Which brings me to my next point. At the moment in the US there is a sudden fascination with Japanse Hardcore. I’ve been listening to Japanese HC for quite some time and there are a few generalizations you can make regarding it’s popularity. The bar is set much higher in Japan as far as quality and musicianship. Sound and image and taken seriously and bands generally don’t play out or record until they have a coherent, tight sound and often image as well. This should be a given, but I think it stands in contrast to a lot of American punk and hardcore right now. I think the popularity of Japanese HC is like a back handed comment on the low quality of much of the American scene at the moment. The mainstream stuff is about the most mediocre it could be and the DIY stuff which should be an alternative is so half assed and premature that it just cowers in fear in the face of really tight, powerful, well rehearsed and thought out and well produced hardcore from Japan. I’m not trying to stir up some US vs. Japan core war here, just giving out an opinion. We could be doing a better job with DIY hardcore in America.
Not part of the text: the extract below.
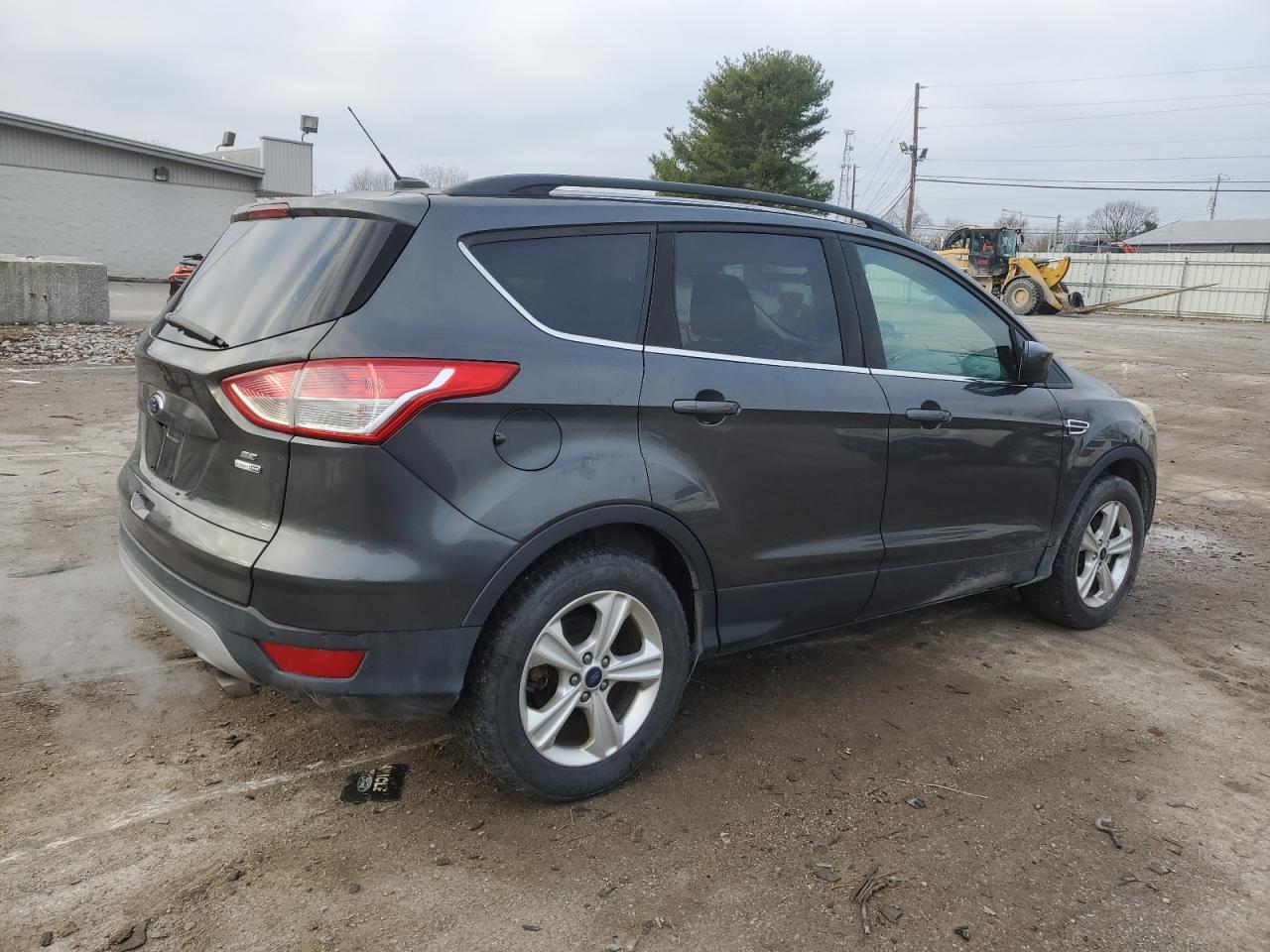 VIN 1FMCU9G96GUB05280 2016 FORD ESCAPE no.3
Last item, I’ve been heavily into metal influenced stuff lately, English Dogs, Broken Bones, Crumbsuckers, Accused, Cryptic Slaughter etc. I got started on this kick from hearing bands like Holier Than Thou and DFA bringing back the thrash/metal/hardcore crossover and I forgot how rad some of that 1986-87 metallized HC was. For all the damage done to hardcore during the metal crossover years, it did breed some wicked bands. Now, off to crank some Excel.